* **Instructions to follow**
Nothing in the data should change when you return it, but leave the pictures out.

╭─ Task material

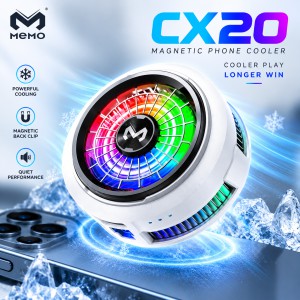 MEMO CX20 RGB Magnetic Phone Cooler – 3-Gear Temperature Control, Advanced Semiconductor Refrigeration, Dual-Purpose Magnetic & Back Clip, Low Noise Fan for Smooth Mobile Gaming_img_1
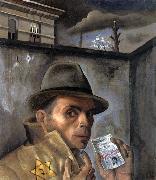 Felix Nussbaum Self-Portrait wiht jewish Identity Card china oil painting reproduction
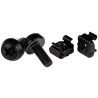 viti startech.com per server rack m6x12mm 100pz nero [cabscrewm62b]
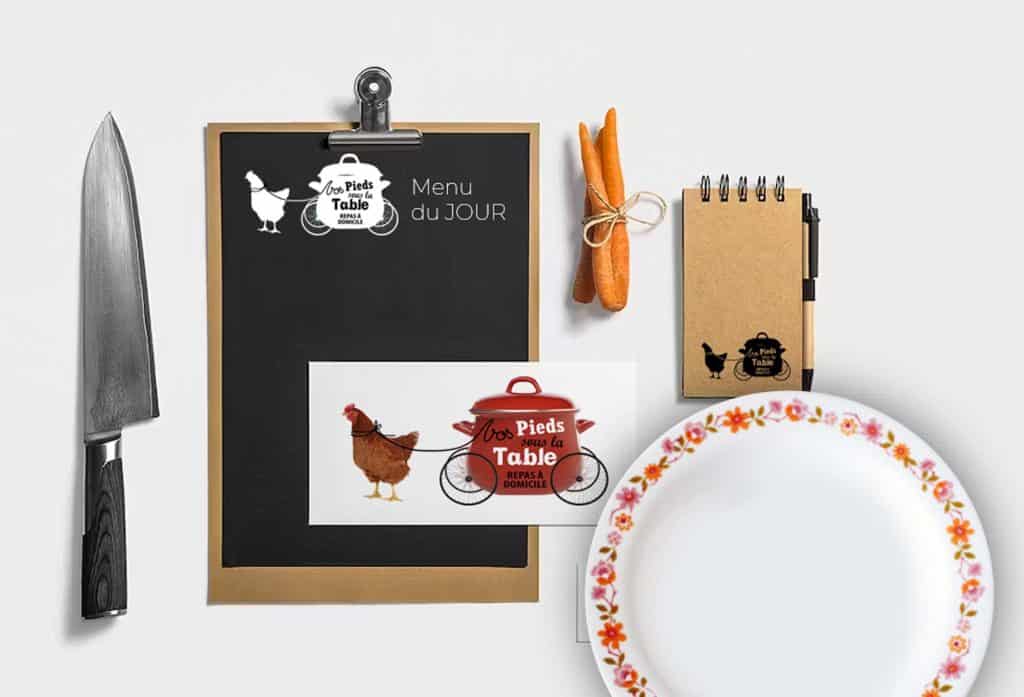 les-pieds-sous-la-table-BRANDING-traiteur----menu---logo les pieds sous la table branding traiteur menu logo
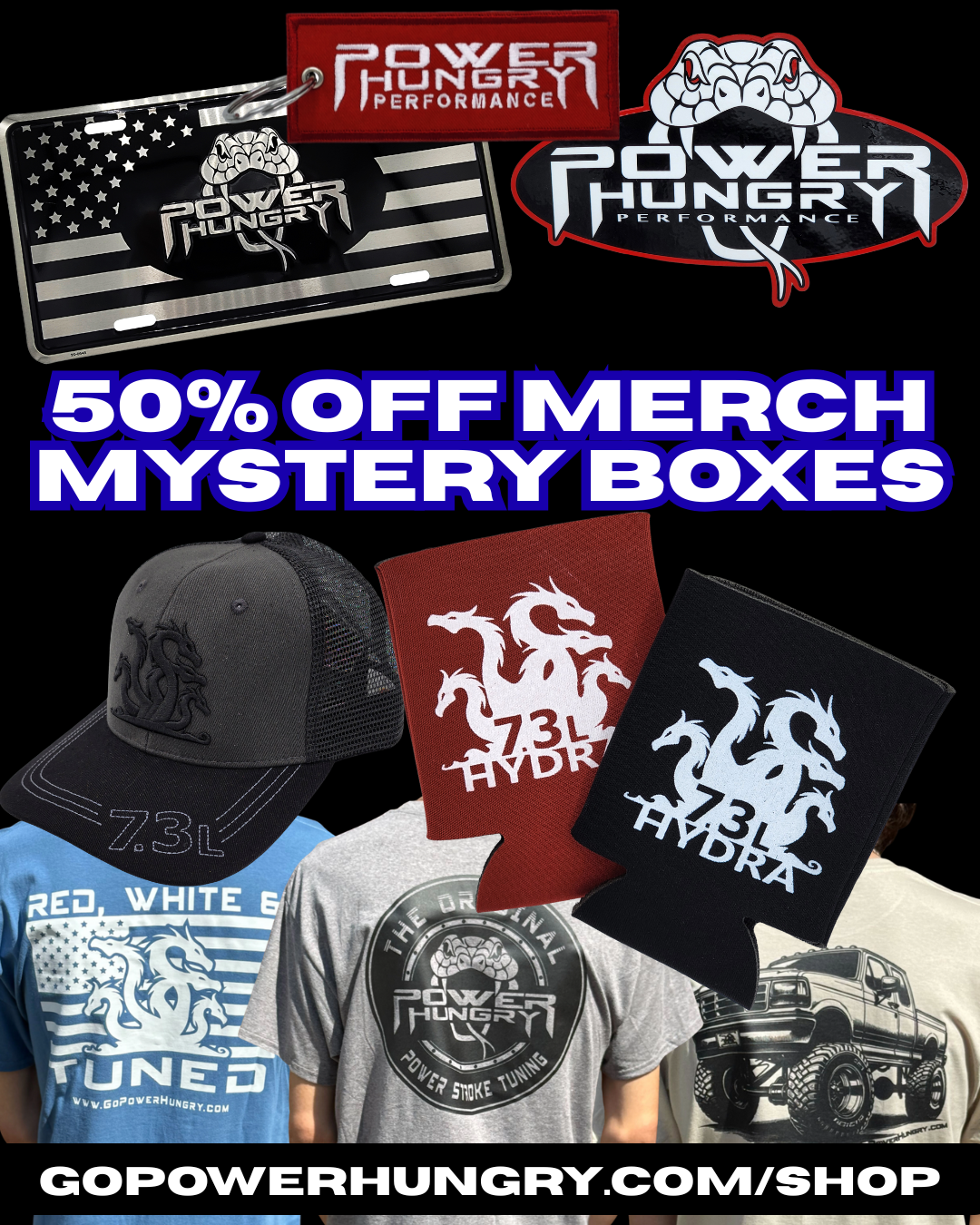 Merch Mystery Box - 50% Off! Free Shipping!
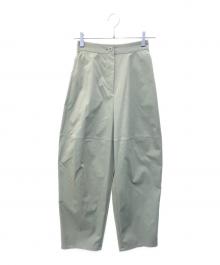 BEARDSLEY（ビアズリー）の古着「コクーンパンツ　BEZ1022102A0004」｜グリーン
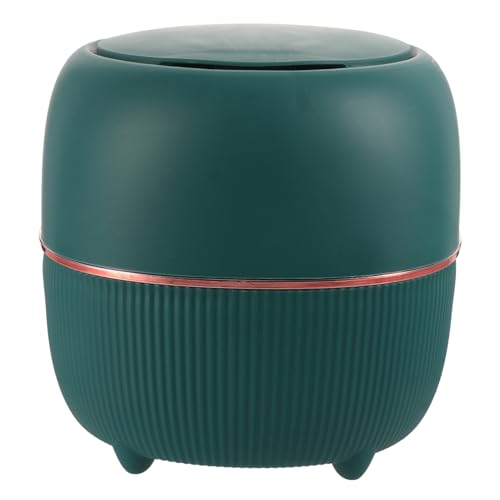 Levemolo Mini Desktop Müllbehälter mit Flip deckel aus Geruchsneutralem Kunststoff Kompakt und Robust für Büro Wohnzimmer Schlafzimmer zur Praktischen Aufbewahrung Kleiner Abfälle von Levemolo
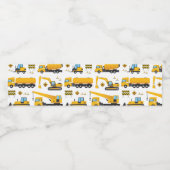 建築パーティーデコーダンプトラックパターン ペットボトルラベル (シングルラベル)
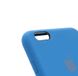 Силиконовый чехол для Apple iPhone 6 Plus original blue cobalt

╰─

* **Answer to this task**
 MEMO CX20 RGB Magnetic Phone Cooler – 3-Gear Temperature Control, Advanced Semiconductor Refrigeration, Dual-Purpose Magnetic & Back Clip, Low Noise Fan for Smooth Mobile Gaming_img_1
 Felix Nussbaum Self-Portrait wiht jewish Identity Card china oil painting reproduction
 viti startech.com per server rack m6x12mm 100pz nero [cabscrewm62b]
 les-pieds-sous-la-table-BRANDING-traiteur----menu---logo les pieds sous la table branding traiteur menu logo
 Merch Mystery Box - 50% Off! Free Shipping!
 BEARDSLEY（ビアズリー）の古着「コクーンパンツ　BEZ1022102A0004」｜グリーン
 Levemolo Mini Desktop Müllbehälter mit Flip deckel aus Geruchsneutralem Kunststoff Kompakt und Robust für Büro Wohnzimmer Schlafzimmer zur Praktischen Aufbewahrung Kleiner Abfälle von Levemolo
 建築パーティーデコーダンプトラックパターン ペットボトルラベル (シングルラベル)
 Силиконовый чехол для Apple iPhone 6 Plus original blue cobalt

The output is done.